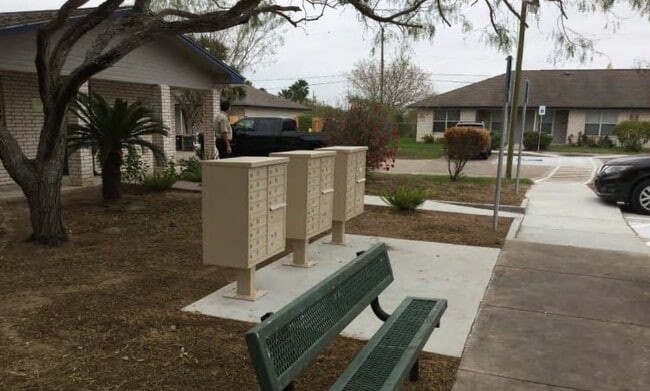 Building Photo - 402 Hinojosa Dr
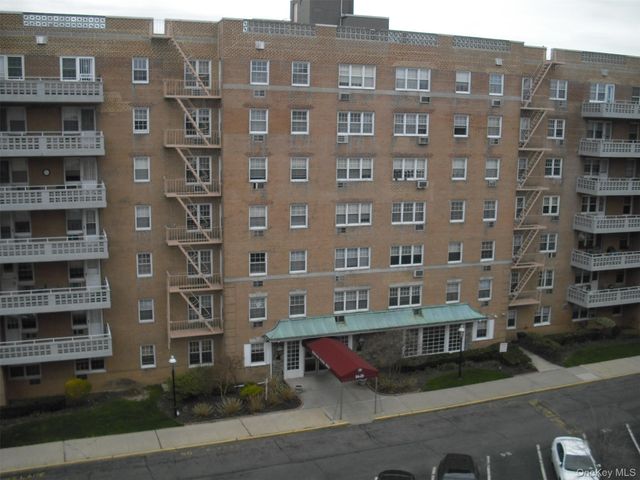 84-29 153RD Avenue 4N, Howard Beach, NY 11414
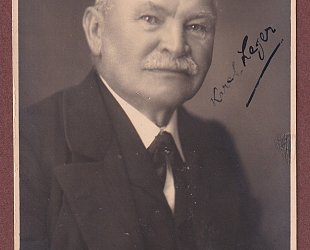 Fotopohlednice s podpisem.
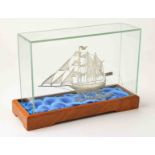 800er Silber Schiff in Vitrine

=== WORK REQUIRED ===
The lines to copy run from the one with "84-29 153RD Avenue" through the end of the material. Write them out exactly, leaving out the pictures.

=== ANSWER BOX ===
 84-29 153RD Avenue 4N, Howard Beach, NY 11414
 Fotopohlednice s podpisem.
 800er Silber Schiff in Vitrine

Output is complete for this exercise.